Of Montreal @ Highline Ballroom, 2/26/10


The last time I saw Of Montreal in New York was the now infamous Roseland Ballroom performance in October 2008, just before the release of Skeletal Lamping. That spectacle of a show included, among the multiple large projection screens, tiered platforms and revolving stage sets, singer Kevin Barns emerging from a coffin covered in whipped cream, hanging himself in a gallows, and riding a white horse on stage. You could say the bar had been raised.

Tuesday’s show at the Highline Ballroom – the second of the band’s current tour – saw them in different but no less engaging form, and indeed quite live, playing without the use of pre-programmed beats or backing tracks.

And oh, the virtues of keeping it real. This straightforward approach – essentially the live drumming and what-you-see-is-what-you-get instrumentation – injected the band’s indie-funk-rock with a ton of muscle. I didn’t expect a near mosh pit to break out during “Disconnect the Dots.” In fact, it was a few songs into the set, particularly during “Heimdalsgate Like a Promethean Curse,” that the crowd was driven to frenzy and stayed that way the rest of the night. We’re talking crowd surfers. Lots of them.

It was enjoyable to see the band freed from their program – songs were extended, segued and in some cases re-arranged, which made for a welcome fresh take on some of the more well-played numbers.

The set list mixed newer material from the last two albums with a good amount of older material – which in terms of modern Of Montreal means going only as far back as 2004’s Satanic Panic In the Attic and 2005’s Sunlandic Twins. A new song was also thrown in; the curiously titled “Teenage Unicorn Fisting,” which fits nicely into the context of the band’s current stylings.

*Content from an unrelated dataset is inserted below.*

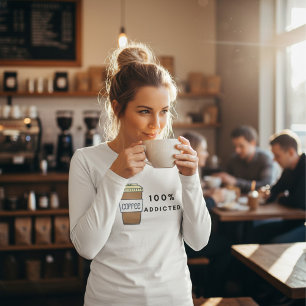 T-shirt Café Lover Design 100% Addicted Caféine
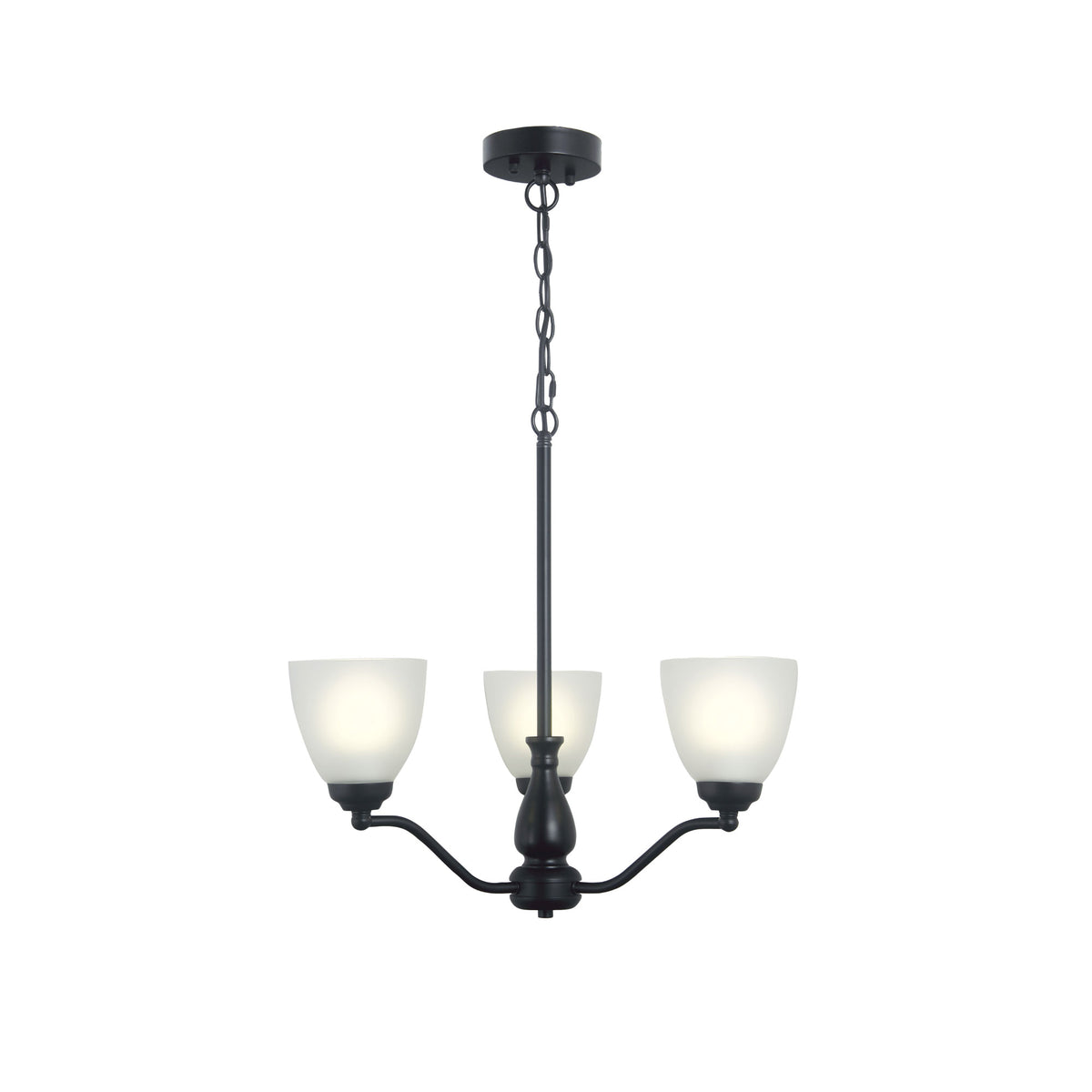 Traditional Glass Pendant - Rochester 3LT Black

Now for what really makes an Of Montreal performance: the stage show, which was also on a smaller scale, but regardless, packed plenty of wicked surprises. Two giant screens projected colorful animated sequences, while performers in full-body black spandex suits filmed band members with video cameras, using green screens and lights to apply psychedelic video effects on the big screens.

A shirtless Barnes even stretched himself out on cross beams during the intense set-closing jam out of “She’s A Rejecter.” But the biggest surprises of the night were the special guests, especially the two appearances by Susan Sarandon, who first emerged to spank a pig man over her knee with a ruler, using a crouching Barnes as a seat. She reappeared at the end of the set to assist in throwing streamers into the audience while the spandex-ed performers shot a snowstorm of white feathers overhead.

The final surprise was the encore – a joyous duet of The Jackson 5’s “I Want You Back,” between Barnes and new friend/collaborator Solange (yeah, Beyoncé’s sister), who was almost too good at channeling the sweet voice of a young Michael Jackson.

My one (superficial) complaint of the evening was Barnes’ woolly beard, which suited the pirate/gypsy-esque get-up he sported. I just don’t think sparkly blue eye shadow works with beards (I’m looking at you too, Devendra Banhart). Barnes is so good at looking pretty; I’d never have pegged him as the beard type.

Either way, there’s never a bad time to be had at an of Montreal show, but this one certainly ranks among the best I’ve seen them. And this is a band that specializes in bringing it on a regular basis.